Figure 3.
The metabolite of gut microbiota, β-RA, is downregulated in individuals with CIPOI
(A) Principal-component analysis of metabolites in samples from Cis mice (red points) and Ctrl mice (blue points). Permutational multivariate analysis of variance with the Bray-Curtis distance metric was used to assess the significance of differences between the two groups.
(B) Volcano plots of the metabolites. The data were compared using a two-tailed unpaired Student’s t test.
(C) The differential metabolites between Cis and Ctrl mice. Metabolites with VIP score >1 and p value <0.05 were significant. Blue points and red points in the internal cycle represent the enrichment in Ctrl and Cis mice, respectively. The second, third, and fourth inter-cycle represent the class of metabolites according to the Human Metabolome Database (HMDB) database, the correlation coefficient with Lactobacillus, and VIP scores, respectively. The external cycle shows the Log2 fold of change of each metabolite.
(D) β-RA levels in cecum content and serum from Ctrl and Cis-POI mice (n = 5).
(E) β-RA levels in feces and serum from Ctrl and CIPOI women (n = 8).

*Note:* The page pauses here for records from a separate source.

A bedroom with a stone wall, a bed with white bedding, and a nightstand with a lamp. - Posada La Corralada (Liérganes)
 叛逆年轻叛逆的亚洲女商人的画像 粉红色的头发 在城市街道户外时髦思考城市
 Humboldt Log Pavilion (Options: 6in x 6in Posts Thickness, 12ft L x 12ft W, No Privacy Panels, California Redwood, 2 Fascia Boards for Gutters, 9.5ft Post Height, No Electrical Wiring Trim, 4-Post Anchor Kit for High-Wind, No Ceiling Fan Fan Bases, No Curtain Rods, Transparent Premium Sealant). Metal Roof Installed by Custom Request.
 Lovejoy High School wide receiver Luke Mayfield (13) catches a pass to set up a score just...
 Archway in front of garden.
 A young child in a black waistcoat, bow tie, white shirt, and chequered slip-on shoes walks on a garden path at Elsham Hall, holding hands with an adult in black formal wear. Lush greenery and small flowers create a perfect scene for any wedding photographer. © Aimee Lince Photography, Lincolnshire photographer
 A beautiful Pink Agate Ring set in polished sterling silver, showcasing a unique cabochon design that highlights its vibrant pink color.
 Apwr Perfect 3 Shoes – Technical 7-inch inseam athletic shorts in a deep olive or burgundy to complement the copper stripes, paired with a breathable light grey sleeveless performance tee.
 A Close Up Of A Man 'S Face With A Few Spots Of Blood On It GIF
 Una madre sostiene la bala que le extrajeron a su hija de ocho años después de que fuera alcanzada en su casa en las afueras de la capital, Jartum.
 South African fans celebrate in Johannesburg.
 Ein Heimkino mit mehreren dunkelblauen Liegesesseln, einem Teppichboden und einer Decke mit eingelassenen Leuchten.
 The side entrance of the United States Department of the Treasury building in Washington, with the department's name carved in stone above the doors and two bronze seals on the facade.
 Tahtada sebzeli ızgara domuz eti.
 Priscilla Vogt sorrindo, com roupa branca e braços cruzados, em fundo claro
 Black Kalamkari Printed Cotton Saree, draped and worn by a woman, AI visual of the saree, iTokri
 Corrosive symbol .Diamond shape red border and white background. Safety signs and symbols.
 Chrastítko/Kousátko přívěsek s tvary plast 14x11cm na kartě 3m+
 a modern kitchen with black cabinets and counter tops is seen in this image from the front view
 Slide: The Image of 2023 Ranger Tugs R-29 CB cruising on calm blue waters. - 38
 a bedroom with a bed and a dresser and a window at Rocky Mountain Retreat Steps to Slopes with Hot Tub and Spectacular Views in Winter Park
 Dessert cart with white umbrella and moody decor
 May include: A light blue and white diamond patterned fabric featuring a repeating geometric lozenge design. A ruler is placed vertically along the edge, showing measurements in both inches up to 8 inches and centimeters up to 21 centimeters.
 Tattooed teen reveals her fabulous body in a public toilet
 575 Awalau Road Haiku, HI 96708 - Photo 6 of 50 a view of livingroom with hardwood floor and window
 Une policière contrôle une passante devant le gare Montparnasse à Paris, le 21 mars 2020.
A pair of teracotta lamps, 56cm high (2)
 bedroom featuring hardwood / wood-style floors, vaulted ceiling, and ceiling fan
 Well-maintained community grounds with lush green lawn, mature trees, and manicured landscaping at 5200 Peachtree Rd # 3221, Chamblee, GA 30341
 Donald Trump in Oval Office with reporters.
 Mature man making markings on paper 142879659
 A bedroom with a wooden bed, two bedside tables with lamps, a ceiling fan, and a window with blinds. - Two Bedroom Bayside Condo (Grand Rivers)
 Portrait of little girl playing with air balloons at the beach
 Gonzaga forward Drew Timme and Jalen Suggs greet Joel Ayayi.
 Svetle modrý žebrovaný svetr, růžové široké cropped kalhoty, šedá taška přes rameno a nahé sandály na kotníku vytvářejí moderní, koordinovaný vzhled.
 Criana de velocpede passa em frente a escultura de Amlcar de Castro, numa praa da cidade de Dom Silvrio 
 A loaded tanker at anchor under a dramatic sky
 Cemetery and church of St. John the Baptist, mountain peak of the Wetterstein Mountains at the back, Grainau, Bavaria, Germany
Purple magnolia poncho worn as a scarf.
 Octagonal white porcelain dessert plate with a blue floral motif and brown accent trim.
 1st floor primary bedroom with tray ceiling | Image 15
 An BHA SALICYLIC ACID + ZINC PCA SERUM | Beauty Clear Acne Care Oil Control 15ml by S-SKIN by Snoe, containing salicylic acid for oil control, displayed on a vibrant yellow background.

(F) β-RA levels in cecal content and serum of mice treated with or without antibiotics (Abx) (n = 5).
(G) β-RA levels in serum from CIPOI mice treated with L. reuteri (109 colony-forming units [CFUs] per day), gavaged to mice from 3 days before cisplatin exposure, and throughout the period of CIPOI modeling (n = 5 for Ctrl, n = 6 for Cis-POI, and Cis-POI+L. reuteri). The data are all presented as the mean ± SEM. ∗p < 0.05, ∗∗p < 0.01, ∗∗∗p < 0.001; Spearman’s rho correlation in (C); two-tailed Student’s t test in (D–F); one-way ANOVA following the Dunnett’s multiple comparisons test in (G).